BEGIN
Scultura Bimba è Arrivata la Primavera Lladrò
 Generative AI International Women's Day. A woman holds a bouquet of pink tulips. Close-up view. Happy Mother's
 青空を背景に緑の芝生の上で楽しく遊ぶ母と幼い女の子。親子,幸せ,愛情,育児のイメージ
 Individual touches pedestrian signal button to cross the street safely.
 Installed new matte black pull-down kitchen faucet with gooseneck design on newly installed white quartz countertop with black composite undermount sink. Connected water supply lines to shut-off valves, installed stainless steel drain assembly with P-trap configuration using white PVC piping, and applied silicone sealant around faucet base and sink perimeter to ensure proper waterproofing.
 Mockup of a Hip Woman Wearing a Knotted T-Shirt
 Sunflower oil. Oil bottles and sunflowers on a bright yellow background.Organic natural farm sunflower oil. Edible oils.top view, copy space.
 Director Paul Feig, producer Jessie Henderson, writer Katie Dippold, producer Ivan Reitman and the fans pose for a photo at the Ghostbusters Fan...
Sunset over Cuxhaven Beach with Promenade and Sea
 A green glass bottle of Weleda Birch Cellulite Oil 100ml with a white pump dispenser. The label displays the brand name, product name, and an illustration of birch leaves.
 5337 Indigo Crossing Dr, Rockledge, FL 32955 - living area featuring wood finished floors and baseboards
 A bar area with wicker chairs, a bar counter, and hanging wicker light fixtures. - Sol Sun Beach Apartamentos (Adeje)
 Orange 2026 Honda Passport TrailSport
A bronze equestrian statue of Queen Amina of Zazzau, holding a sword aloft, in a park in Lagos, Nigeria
END
Report only how many lines of the listing hold the word "view".

COMPLETED EXERCISE: 2